Amanda Spielman, Her Majesty’s Chief Inspector of Schools and Colleges, said of these people: “Of course, parents should have high expectations for their child and want them (sic) to succeed. But they need to understand the pressure that teachers are under and do their best not to add to it. Teachers need support to do their jobs properly, and sometimes that simply means trusting them to get on with it. This ‘immediate response culture’ is only making teachers’ lives more stressful.”

She added: “Parents also need to respect their school’s behaviour policy and take more responsibility when their child fails to follow it.”

The Ofsted report on teachers’ wellbeing says appalling behaviour by both children and their parents was a key factor in the “low” wellbeing of most teachers. It describes parents shouting at staff.  This sometimes escalates into a “mob mentality” when other parents join in.   The report observes that relationships with parents are “among the top causes of high undue stress” for teachers.

The report advises that schools and academies should not give parents/carers teachers’ email addresses and “consider replacing email communication with parents with other forms of communication.”

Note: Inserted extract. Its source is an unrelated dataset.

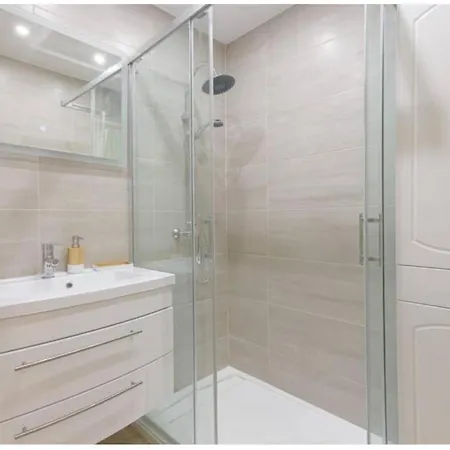 Apartment Charming 49 M Nest In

(5)        Teachers, however, can help themselves by focusing and making ruthless decisions on what they should be tackling by way of non-teaching tasks.  Give two people the same quantity of work.  One who is focused can finish it in half the time of the other who isn’t.  Dwelling on a task long – say forever and a day – brings into play the law of diminishing returns.

It is vital for teachers to ditch unimportant “bureaucratic” work.  And if a teacher’s headteacher has dumped what s/he thinks is not important, the teacher should draw the headteacher’s attention to her/his current workload and ask the latter to prioritise the work.

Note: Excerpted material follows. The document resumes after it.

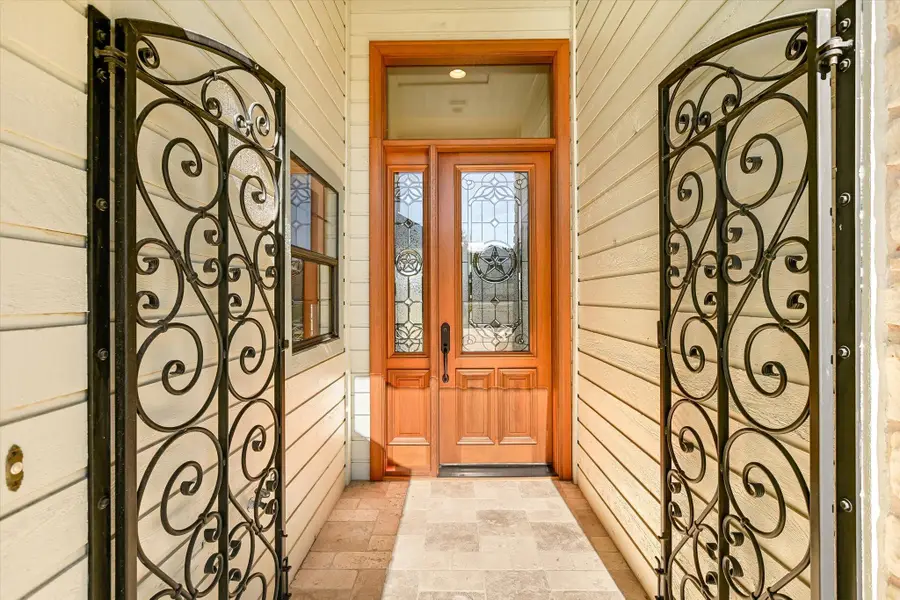 116 Courtside Way, Spicewood, TX 78669 - Image #3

Very little is done in teacher-training to alert trainees to the importance of binning the unimportant, in the first case, and being assertive with one’s boss in the second.  At staff meetings, teachers could raise the issue of workload with their headteachers – assertively (not aggressively) – if they are to remain in the profession, not experience burnout and tackle the problem once and for all to derive the job-satisfaction that caused them to choose to teach in the first place.

(6)        Headteachers are under enormous pressures coming at them from all sides – causing them to work (on average) for over 63 hours a week.   It is, consequently unsurprising that they pass on these pressures to teachers to perform.   However, in their book, In Search of Excellence, Peters and Waterman write about creating the right culture which promotes lose-tight properties – setting out sharp objectives and then giving employees scope – i.e. space and time – to use their initiatives to achieve them in the best way possible, rather than constantly breathing down their necks and adding to the stress levels of both, themselves and their staff.

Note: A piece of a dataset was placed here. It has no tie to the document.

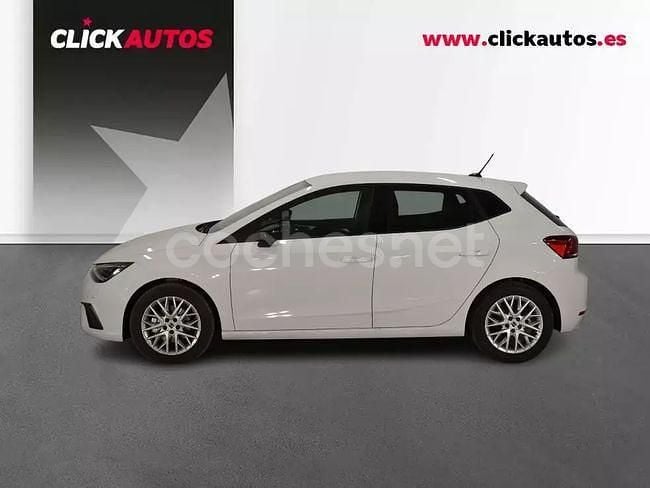 Usado Seat Ibiza FR 115 CV (84 kW) 2025 Blanco Berlina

(7)        The Department for Education’s latest annual report states that more that a fifth of new teachers leave the profession after the first two years and 33% within five years.  The DfE observed: “We are working with ITT (initial teacher training) providers to ensure that we are accepting every applicant who is ready to train to teach.” But this will not be enough.  New teachers must be better supported by all in the system – ministers, headteachers, fellow (experienced) teachers, parents and governors, if we are to retain the very best.  Supporting and easing in new teachers is one area in which the experienced pedagogues and their headteachers could invest time and effort if we are to stem the rot of an exodus from the profession.

In brief, Michael Barton of the National Governors’ Association offers three ideas to help governors and other school/academy leaders.

First, promote teachers’ well-being. Test ideas to improve the working environment. This will vary from one school/academy to another.

Second, take measures to reduce teacher workload by encouraging the headteacher to dump what is unnecessary and create an environment that is conducive to teachers’ welfare without detriment to children’s learning.

Third, carry out exit interviews (when teachers resign/retire). What would be even better is do a staff survey either annually or biennially.  Take measures to learn from the returns and, more important, act on them.